Coconut Pudding
Source: Simply Recipes
Click here to read about my experience making this recipe for my state meal challenge!
Servings: 4
Total time: 2 hours, 30 minutes
INGREDIENTS
- ⅔ cup sugar
- ½ cup cornstarch
- ¼ tsp cinnamon
- Pinch of salt
- 2 (13.5 oz) cans full-fat coconut milk
- 1 ½ tsp vanilla extract
- 3 inch lime peel
- 1 cinnamon stick
DIRECTIONS
- In a large pot, whisk together the sugar, cornstarch, cinnamon, and salt.
- Slowly whisk in one can of coconut milk and vanilla until it forms a smooth paste without lumps. Then whisk in the second can.
- Add the lime peel and cinnamon stick and turn the stove on to medium heat.
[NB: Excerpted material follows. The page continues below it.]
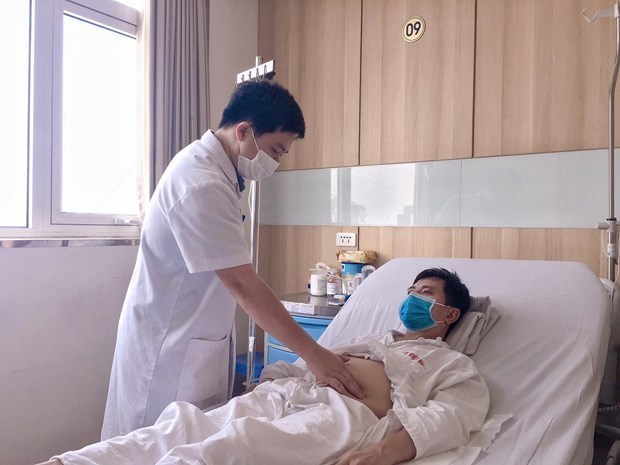 Новые рекорды в области трансплантации органов во Вьетнаме hinh anh 2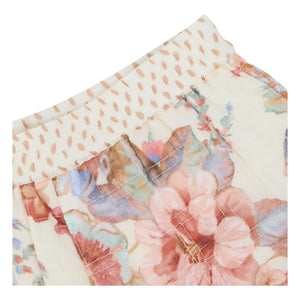 Zimmermann - Shorts florales Awaken | Crudo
Whisk for 5 to 10 minutes, until thickened.
- Remove from heat and discard the lime peel and cinnamon stick.
- Rinse your chosen molds with cold water. Shake out the excess but don’t dry.
- Spoon the mixture into the molds. Cover with plastic wrap touching the surface and refrigerate for at least 2 hours. It might take longer depending on the size of your molds.
- Gently remove the pudding from the molds onto plates, using a knife if needed. Garnish with cinnamon and serve cold!